In an employment context, companies can realize a lot of benefits through the use of data analytics, but you have to analyze that against other considerations—such as potential disability and workers comp issues, says Joseph Lazzaroti, principal and co-leader of the privacy, e-communication, and data security practice at Jackson Lewis. “Make sure you’re not just looking at data without considering other things that have to go into the mix before you make an employment decision,” he says.
Federal Trade Commission Act
Section 5 of the Federal Trade Commission Act prohibits unfair or deceptive acts or practices in or effecting commerce. Unlike the FCRA or equal opportunity laws, Section 5 is not confined to particular market sectors, but is generally applicable to most companies acting in commerce.

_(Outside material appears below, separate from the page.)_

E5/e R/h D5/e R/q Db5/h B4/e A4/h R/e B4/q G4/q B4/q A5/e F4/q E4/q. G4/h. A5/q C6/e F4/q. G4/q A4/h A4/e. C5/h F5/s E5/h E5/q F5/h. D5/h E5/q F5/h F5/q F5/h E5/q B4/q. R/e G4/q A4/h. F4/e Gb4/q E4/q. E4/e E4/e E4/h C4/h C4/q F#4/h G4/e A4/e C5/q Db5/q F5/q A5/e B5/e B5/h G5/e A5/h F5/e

Section 5 defines a “deceptive” act or practice as one that involves a material statement or omission that is likely to mislead a consumer acting reasonably under the circumstances. An act or practice is “unfair” if it is likely to cause substantial consumer injury.
According to the FTC, companies engaging in Big Data analytics should consider whether they are violating any material promises to consumers—whether that promise is to refrain from sharing data with third parties, to provide consumers with choices about sharing, or to safeguard consumers’ personal information—or whether they have failed to disclose material information to consumers.

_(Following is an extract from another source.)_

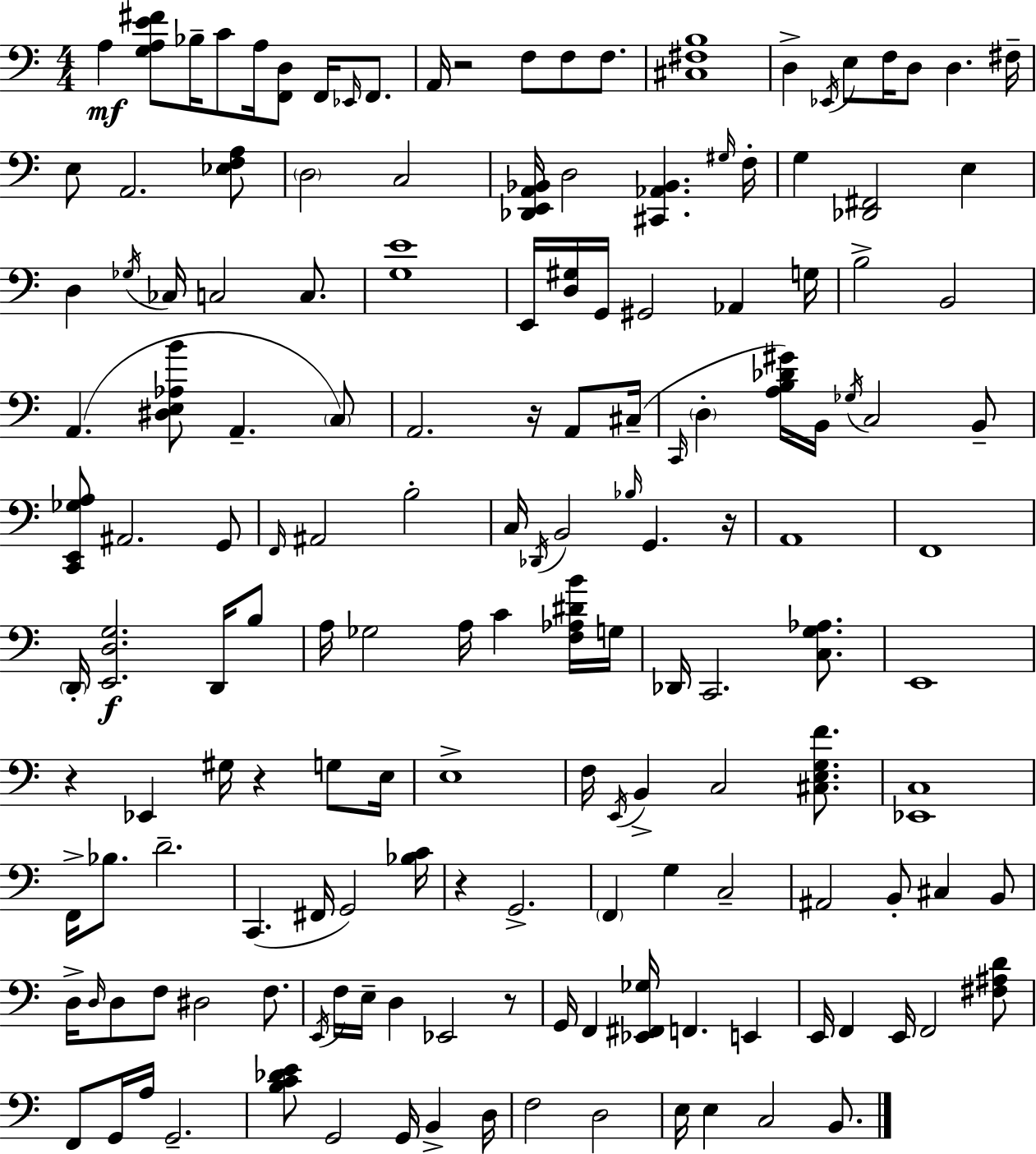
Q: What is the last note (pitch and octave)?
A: B2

Lazzaroti says companies often get into trouble when they collect data for one purpose, keep that data for several years, and then start using it for a different purpose, not necessarily intending to be deceptive. So being transparent about how the data is being used mitigates risk.

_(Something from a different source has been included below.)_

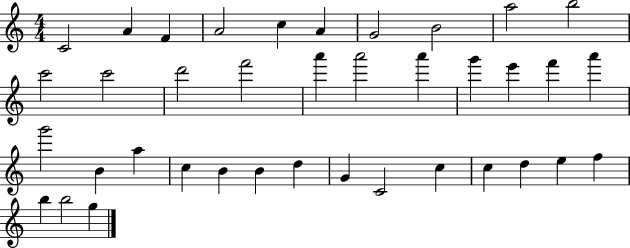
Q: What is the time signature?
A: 4/4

Legal and compliance officers should consider the following important questions: “What kinds of promises are you making to consumers? What kinds of things are you doing with data that you’re not telling consumers about?” says Reed Freeman, a partner and co-chair of the cyber-security, privacy, and communications practice at WilmerHale.
In addition, companies that maintain Big Data on consumers should reasonably secure consumers’ data. The FTC also directs companies not to sell Big Data analytics products to customers if they know or have reason to know that those customers will use the products for fraudulent or discriminatory purposes. “The FTC is focused not only on the collection of the data itself, but more so that it’s collected under the presumption that people know how it’s going to be used,” says Lazzaroti.
To mitigate the risks of Big Data usage, the FTC recommends that companies consider the following questions:
How representative is your data set? Companies should consider whether their data sets are missing information about certain populations and take steps to address issues of underrepresentation and overrepresentation.
Does your data model account for biases? Companies should consider whether biases are being incorporated at both the collection and analytics stages of Big Data’s life cycle, and they should develop strategies to overcome them.
How accurate are your predictions based on Big Data? Companies should remember that while Big Data is very good at detecting correlations, it does not explain which correlations are meaningful.
Does your reliance on Big Data raise ethical or fairness concerns? Companies should assess the factors that go into an analytics model and balance the predictive value of the model with fairness considerations.
“As Big Data applications become more widespread and cost-efficient, employers may feel the need to use it to remain competitive,” concludes Lazzaroti. “They will need to proceed cautiously, however, and understand the technology, the data collected, and whether the correlations work and work ethically.”